No amount of alcohol is healthy for you. Zero. Zilch. Nada. This according to a new study published Thursday in the scientific journal The Lancet and funded by the Bill and Melinda Gates Foundation.
You may have heard that a glass or two of red wine per day is good for your heart. Not so, according to The Lancet.
Throughout the globe, 2.4 billion people consume alcohol. Researchers in this latest study analyzed drinkers in 195 countries throughout the world from 1990 through 2016, with subjects ranging from 15 to 95 years old.
The study finds that alcohol was the worldwide leading risk factor for death and disease for men and women between the ages of 15 and 49 in 2016 — resulting in one in ten deaths.
“The most surprising finding was that even small amounts of alcohol use contribute to health loss globally,” senior study author Emmanuela Gakidou, a professor at the University of Washington’s Institute for Health Metrics and Evaluation, told CNN. “We’re used to hearing that a drink or two a day is fine. But the evidence is the evidence.”
Alcohol was associated with a whopping 2.8 million deaths throughout the world in 2016. The causes of those deaths were auto accidents, infectious diseases, cancers, cardiovascular diseases, tuberculosis, self-harm, and other instances such as fires and drowning.
The U.S. ranked seventh among women and fifth among men on the list of countries associated with the most alcohol related deaths. China, India, and Russia, all of which have high populations, were the countries with the most alcohol-related deaths.

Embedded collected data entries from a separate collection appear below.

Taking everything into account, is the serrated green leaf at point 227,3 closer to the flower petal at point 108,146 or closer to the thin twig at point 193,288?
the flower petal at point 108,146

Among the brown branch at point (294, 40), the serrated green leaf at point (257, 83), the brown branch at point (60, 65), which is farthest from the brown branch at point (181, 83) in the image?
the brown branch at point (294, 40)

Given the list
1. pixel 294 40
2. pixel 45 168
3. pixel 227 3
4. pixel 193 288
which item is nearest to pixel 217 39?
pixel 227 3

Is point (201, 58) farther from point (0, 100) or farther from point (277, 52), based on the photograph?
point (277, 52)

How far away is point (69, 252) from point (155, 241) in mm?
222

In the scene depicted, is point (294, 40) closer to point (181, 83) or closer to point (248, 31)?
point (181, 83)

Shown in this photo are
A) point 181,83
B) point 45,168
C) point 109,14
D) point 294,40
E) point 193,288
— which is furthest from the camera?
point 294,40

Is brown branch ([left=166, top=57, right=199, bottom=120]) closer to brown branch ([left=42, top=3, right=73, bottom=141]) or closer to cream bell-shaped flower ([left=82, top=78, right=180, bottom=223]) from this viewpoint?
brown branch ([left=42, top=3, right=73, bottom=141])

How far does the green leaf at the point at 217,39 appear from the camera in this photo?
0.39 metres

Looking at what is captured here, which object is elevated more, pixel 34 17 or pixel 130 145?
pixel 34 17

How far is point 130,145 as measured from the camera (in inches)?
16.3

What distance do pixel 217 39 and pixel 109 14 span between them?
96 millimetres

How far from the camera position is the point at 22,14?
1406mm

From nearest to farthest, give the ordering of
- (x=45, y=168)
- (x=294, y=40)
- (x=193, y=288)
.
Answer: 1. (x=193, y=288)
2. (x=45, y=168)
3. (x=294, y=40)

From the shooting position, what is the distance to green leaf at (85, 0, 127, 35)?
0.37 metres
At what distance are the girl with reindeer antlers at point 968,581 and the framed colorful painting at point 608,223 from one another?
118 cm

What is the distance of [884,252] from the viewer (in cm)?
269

“This study is a stark reminder of the real, and potentially lethal, dangers that too much alcohol can have on our health and that even the lowest levels of alcohol intake increase our risks,” Helen Stokes-Lampard, chair of the Royal College of General Practitioners in the UK, said in a statement. Stokes-Lampard was not a researcher in the study.
The beer, wine, and spirits industry has a different take. “Nothing in this study challenges the array of studies suggesting that choosing to drink moderately is associated with a decreased risk of some health issues and a lower risk of death,” the Alcohol Information Partnership, a group that includes eight of the world’s largest liquor companies, said in a statement. “We advocate sensible drinking by those who choose to drink and support consistent, evidence-based advice, which enables people to make their own informed choices about alcohol.”

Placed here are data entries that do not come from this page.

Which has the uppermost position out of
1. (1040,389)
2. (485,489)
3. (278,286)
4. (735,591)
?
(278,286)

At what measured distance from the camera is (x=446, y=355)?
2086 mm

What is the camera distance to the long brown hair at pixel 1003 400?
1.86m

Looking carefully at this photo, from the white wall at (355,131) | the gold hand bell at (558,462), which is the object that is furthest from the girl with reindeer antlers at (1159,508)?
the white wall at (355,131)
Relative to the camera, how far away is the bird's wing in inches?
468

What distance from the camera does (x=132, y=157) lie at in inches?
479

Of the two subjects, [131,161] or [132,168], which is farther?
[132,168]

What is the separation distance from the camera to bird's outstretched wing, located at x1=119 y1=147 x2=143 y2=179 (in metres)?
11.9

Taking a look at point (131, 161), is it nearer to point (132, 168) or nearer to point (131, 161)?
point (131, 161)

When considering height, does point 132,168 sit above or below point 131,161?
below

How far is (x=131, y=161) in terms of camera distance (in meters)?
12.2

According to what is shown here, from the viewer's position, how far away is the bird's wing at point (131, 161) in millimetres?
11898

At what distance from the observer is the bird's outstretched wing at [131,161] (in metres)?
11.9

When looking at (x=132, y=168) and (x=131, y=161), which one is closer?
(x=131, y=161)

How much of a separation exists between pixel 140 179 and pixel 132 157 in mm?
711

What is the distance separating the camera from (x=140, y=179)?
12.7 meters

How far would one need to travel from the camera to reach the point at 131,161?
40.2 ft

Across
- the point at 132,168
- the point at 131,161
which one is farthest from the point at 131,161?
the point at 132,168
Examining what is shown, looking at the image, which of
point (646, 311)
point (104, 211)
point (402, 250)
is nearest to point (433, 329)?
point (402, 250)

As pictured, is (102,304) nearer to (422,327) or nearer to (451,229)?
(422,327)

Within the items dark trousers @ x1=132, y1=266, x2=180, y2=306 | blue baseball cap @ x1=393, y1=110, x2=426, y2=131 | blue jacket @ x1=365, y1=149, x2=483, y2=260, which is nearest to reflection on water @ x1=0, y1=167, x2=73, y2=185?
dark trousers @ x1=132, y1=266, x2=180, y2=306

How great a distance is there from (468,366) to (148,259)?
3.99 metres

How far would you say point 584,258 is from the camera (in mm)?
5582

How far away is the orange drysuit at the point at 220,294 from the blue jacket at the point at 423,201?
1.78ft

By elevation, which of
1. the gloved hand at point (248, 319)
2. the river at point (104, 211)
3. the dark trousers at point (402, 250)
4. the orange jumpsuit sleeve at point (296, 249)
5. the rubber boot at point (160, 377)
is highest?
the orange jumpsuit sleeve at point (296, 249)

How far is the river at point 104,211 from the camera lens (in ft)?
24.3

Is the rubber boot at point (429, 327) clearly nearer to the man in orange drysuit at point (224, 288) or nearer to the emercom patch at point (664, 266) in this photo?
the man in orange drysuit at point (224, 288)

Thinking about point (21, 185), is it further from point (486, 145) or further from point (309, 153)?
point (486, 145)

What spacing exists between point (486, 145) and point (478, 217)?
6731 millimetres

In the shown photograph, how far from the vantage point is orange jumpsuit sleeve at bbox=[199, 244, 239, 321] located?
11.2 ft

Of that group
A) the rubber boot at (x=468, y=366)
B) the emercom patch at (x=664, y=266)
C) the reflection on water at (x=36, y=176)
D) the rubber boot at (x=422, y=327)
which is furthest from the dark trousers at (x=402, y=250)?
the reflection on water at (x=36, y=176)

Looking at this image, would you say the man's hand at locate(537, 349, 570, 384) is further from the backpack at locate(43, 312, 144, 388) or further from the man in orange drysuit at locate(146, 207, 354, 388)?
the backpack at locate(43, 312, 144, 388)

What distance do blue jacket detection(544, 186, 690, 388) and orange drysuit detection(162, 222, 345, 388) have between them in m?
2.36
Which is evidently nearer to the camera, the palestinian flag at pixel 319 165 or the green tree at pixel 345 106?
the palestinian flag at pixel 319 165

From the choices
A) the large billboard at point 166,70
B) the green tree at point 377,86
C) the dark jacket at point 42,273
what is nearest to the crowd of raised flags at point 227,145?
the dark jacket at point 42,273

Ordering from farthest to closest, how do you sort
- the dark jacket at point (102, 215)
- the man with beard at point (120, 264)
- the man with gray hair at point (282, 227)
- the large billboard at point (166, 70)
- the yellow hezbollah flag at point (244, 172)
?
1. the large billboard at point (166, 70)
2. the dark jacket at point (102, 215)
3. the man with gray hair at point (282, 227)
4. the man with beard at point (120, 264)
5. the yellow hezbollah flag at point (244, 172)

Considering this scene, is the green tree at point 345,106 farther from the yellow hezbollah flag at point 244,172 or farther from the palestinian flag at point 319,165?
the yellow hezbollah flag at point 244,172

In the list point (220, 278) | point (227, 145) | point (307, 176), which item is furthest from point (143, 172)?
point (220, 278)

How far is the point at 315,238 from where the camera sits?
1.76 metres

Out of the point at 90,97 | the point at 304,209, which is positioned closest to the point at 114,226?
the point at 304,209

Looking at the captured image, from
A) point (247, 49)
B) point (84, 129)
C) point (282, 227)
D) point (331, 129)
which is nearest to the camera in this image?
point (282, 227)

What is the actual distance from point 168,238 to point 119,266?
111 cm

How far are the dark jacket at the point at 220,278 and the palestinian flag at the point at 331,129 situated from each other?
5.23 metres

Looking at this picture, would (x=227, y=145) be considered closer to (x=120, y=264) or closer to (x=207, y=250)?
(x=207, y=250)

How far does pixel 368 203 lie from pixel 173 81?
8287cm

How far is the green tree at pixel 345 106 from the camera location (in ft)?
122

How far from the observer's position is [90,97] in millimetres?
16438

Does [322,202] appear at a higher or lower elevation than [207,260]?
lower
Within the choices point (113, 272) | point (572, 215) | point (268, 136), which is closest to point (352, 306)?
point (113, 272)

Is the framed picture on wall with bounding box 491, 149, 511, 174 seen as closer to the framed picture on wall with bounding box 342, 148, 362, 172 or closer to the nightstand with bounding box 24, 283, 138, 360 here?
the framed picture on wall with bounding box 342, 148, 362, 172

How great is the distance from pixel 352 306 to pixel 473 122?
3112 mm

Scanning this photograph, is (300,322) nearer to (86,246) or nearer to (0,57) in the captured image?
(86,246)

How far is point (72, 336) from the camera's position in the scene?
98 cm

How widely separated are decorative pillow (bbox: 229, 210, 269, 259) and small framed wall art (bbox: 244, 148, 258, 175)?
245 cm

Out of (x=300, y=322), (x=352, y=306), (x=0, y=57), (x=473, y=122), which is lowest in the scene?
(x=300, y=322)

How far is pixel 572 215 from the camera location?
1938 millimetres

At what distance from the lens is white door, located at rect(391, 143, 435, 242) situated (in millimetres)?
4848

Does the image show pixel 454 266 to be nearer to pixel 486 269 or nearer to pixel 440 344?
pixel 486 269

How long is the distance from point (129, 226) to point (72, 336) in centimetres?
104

The Distilled Spirits Council had similar thoughts: “Claims in the study disputing the research on potential benefits of moderate consumption do not comport with the body of scientific evidence, including a recent study in the American Heart Association Journal Circulation that found that moderate alcohol consumption is one of ‘five low-risk lifestyle-related factors’ that could help people live longer.”
But, with its massive sample size and deep amounts of research, the study published in The Lancet is a pretty solid indicator that alcohol does nothing for the health of people throughout the world.
So for all of us recovering alcoholics, we have a new incentive to stay sober. This sweeping study is an iron-clad reason. The takeaway message for us is that drinking is bad for your health — a message that many of us know all too well.